My name is Emily and I am 30 years old. When I was
between the ages of 4 and 6 I was molested by my
uncle, whom at the time was a child also. He was
between 12 and 15. I just recently told my family my
secret that I carried around with me for over 24
years. Telling has been the best thing that I have
ever done for myself.
I am writing not tell the specifics of the abuse but I
want my story to inform people that there is such a
thing as children molesting children. For those a
victim of being molested by another child, it is real.
It is just like children committing murder, the age
does not matter, the person is still dead.

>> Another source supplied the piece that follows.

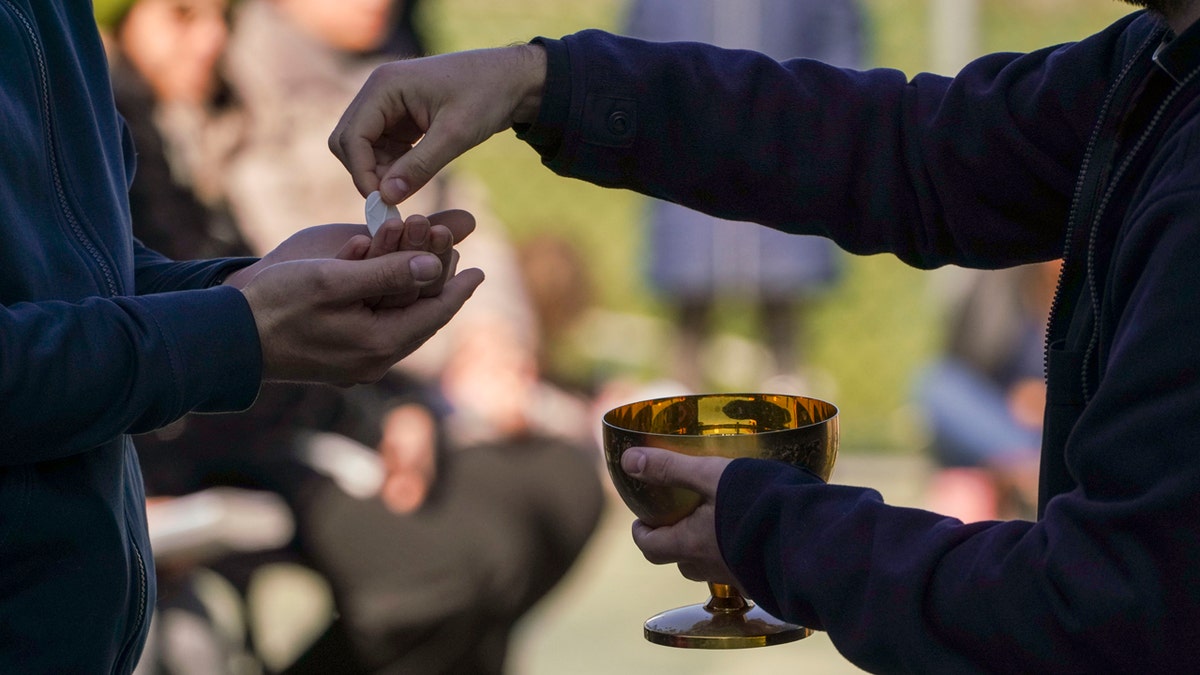 A priest offers a faithful the communion during a Sunday Mass outdoors mass celebrated in their parish soccer field, on the second Sunday of Lent, the first one after Italy's government's prevention measures on public gatherings, in Rome, Sunday, March 8, 2020. (AP Photo/Andrew Medichini)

Molestation is more than physical and sexual. It is
about manipulation, blackmail and power or control. It
is based around making you the victim scared. An adult
can do it and children, believe it or not, are capable
too. There is a big difference in a child being
curious to touch or see another child. When that child
is using their power over you that changes the whole
definition about what they are doing.
For many years I felt that what happened to me was
normal. In my late teen years I felt that it was both
of our faults, because I did not do enough to try to
stop it. I spent most of my life feeling ashamed,
guilty, dirty, different, unworthy, alone, and slutty.

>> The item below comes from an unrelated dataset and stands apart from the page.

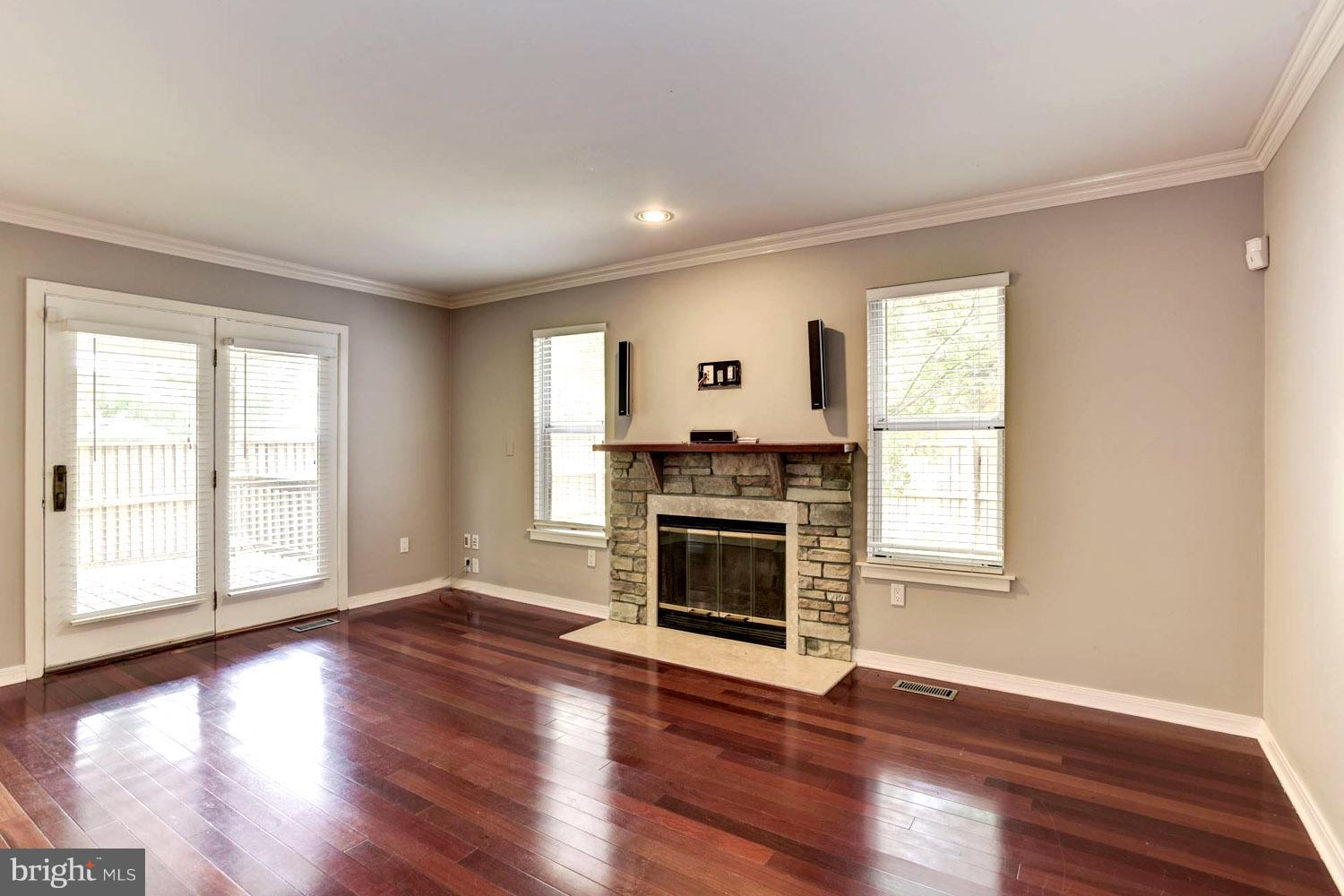1548 Ritchie Lane Annapolis, MD 21401 - Photo 14 of 30 Living Room with Gathering Fireplace / Deck Access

I felt like people could see right through me that I
was a bad person and that no one thought of me in a
good way. I want say I did not feel loved, but rather
not loved enough. I felt like no one really ever had
or would really love the real me. I just had to except
the amount that I could get.
When I was 25 I started dating a man that had a little
girl that was 5 years old. We became very close and
spent a lot of time together. This was when I
realized, hey I was this little girl. Innocent. I
realized that what happened to me was not my fault, I
did not ask for that kind of treatment.
After this kind of realization, I did not know what to
do. I went through many, many emotional rollercoasters
inside myself, because I felt I had no one to talk
about this with. Finally, when I was 28 I met a man
who is now my husband. He was the greatest thing that
ever happened to me. I knew he really loved me for all
of me and I never felt like that before. I had alot of
trouble letting myself get close to him and becoming
vulnerable. That is when I realized I needed some help
and got counseling.
I have been going to counseling for 2 years now and it
has totally changed me for the best. I did not realize
how dead inside I was. I had been like that for so
long I thougt it was normal.
Now my secret is out and I am free. I feel like a big
weight has been lifted off of my back. I hope that
anyone that has been hurt by someone else can find the
inner strength to let it out. You owe it to yourself.
It is the only way to stop it. I know how hard it is
to get yourself to that point of being able to tell.
It took me 24 years and 2 years of counseling to do
it, but once again I say it is the best thing I have
ever done for myself and it can be for you too. Nobody
deserves bad things to happen to them, there are no
excuses for it but it is up to you to make yourself to
believe that. You can then let go of the past and live
in the present and look for the future.